The limited evaluation research from early programs showed positive results for both teens and the younger children, including acceptance and respect for diversity, increased academic achievement, development of collaboration/conflict resolution skills, a reduction in alcohol and drug abuse among participating teens, and increased empathy for teachers (e.g., National Commission on Resources for Youth, 1974; Hedin, 1987; Dean & Murdock, 1992). Evaluation research also suggested that successful programs include critical ingredients, such as high-quality training in social skills, time for group processing, and positive interdependence in which teens and younger youth learn together and depend on one another. It was noted that programs that lack these ingredients may be ineffective (Benard, 1990).
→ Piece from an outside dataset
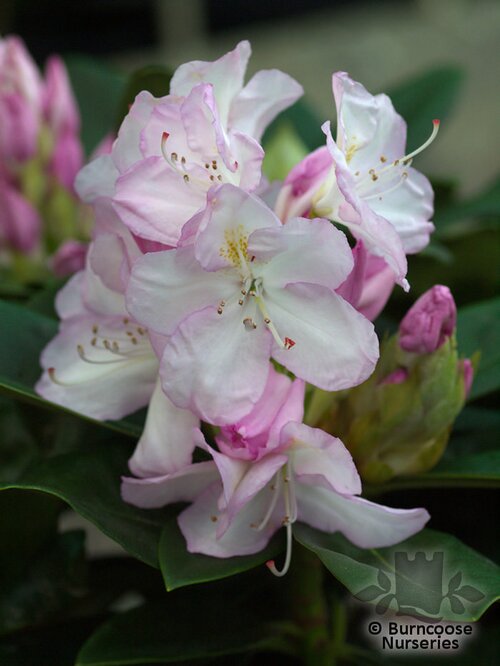 RHODODENDRON 'Gomer Waterer'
The purpose of this study was to identify current practices that contribute to positive outcomes for teenaged teachers. Specifically, this study examined:
- Current practices of teenagers as teachers programs,
- Critical elements of teen training and support, and
- Strategies that contribute to successful teenagers as teachers programs.
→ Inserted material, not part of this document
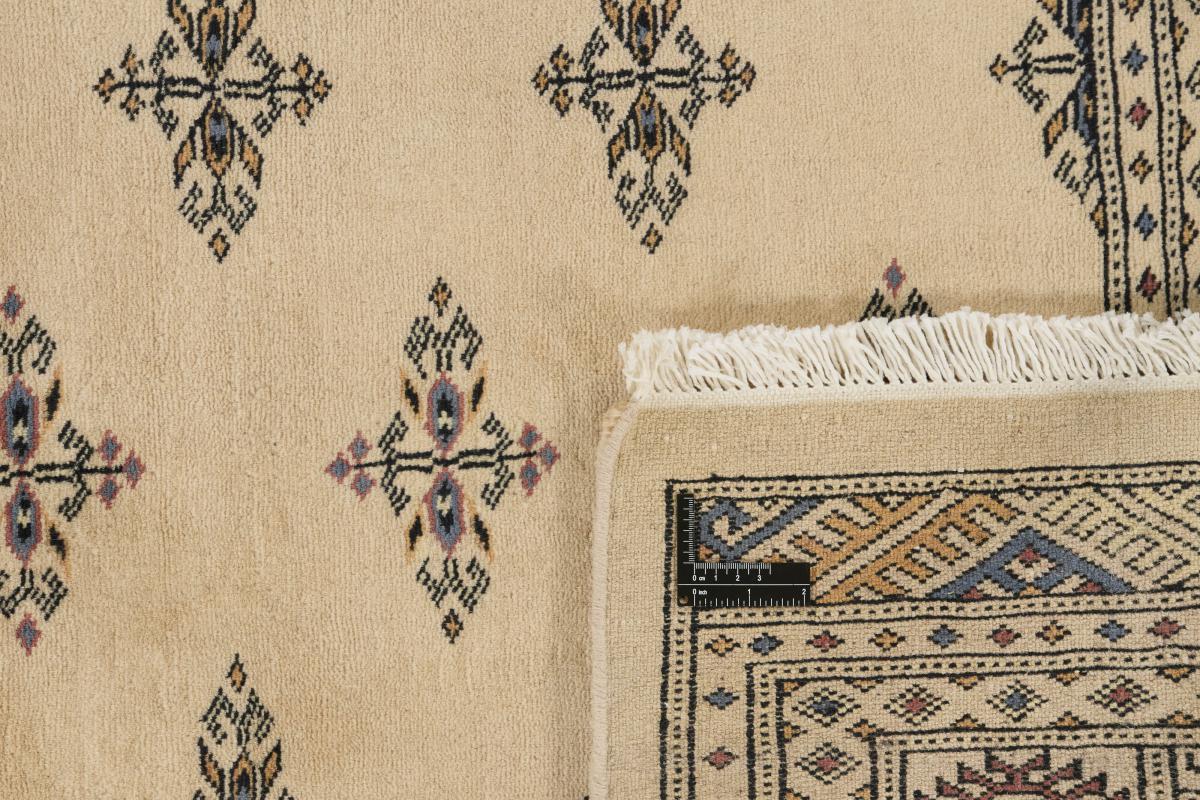 Pakistan Buchara 3ply - 1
The study sample included 13 programs in the San Francisco Bay Area that used teenagers as cross-age teachers of younger children. Although the teen teaching programs were varied in terms of settings, size, ages of teens and youngsters, and the subject matter taught, all of them shared the following common characteristics.
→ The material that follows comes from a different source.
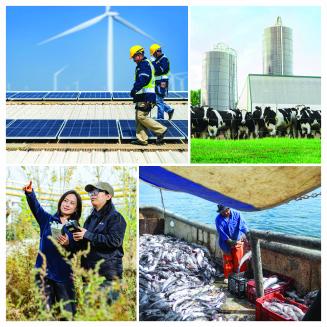 A collage of images depicting various environmental issues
- Teenagers were responsible for all teaching. They did not merely assist an adult.
- Teenagers taught children who were at least 2 to 3 years younger than the teens.
- Teenagers taught small groups, usually 5 to 12 children, not one-on-one.
- Teenagers were trained and taught a particular subject matter curriculum (not homework help or counseling).
- The curricula taught to younger children were for enrichment, not remediation.
- Programs were of sufficient duration so that teenagers developed relationships among themselves and with the children they taught.
Qualitative research methods were used for this study because the research questions were exploratory in nature (e.g., "what is happening in these programs?" and "what are the salient characteristics?") and explanatory (e.g., "what events, attitudes, and so forth are shaping the programs?" and "how do these forces interact to prepare or not prepare teens for their teaching roles?").
Three University of California Cooperative Extension Advisors from three San Francisco Bay Area counties conducted the research using individual and focus group interviews, participant observation, and program document review. Seventeen in-depth interviews of agency staff and cross-age teachers from a wide variety of San Francisco Bay Area agencies were conducted using an open-ended, conversational format (as opposed to an oral survey).
Agencies were selected for diversity in the sample. An attempt was made to involve both large and small agencies; public and privately funded agencies; and agencies with varying organizational structures, missions, clientele, and so forth.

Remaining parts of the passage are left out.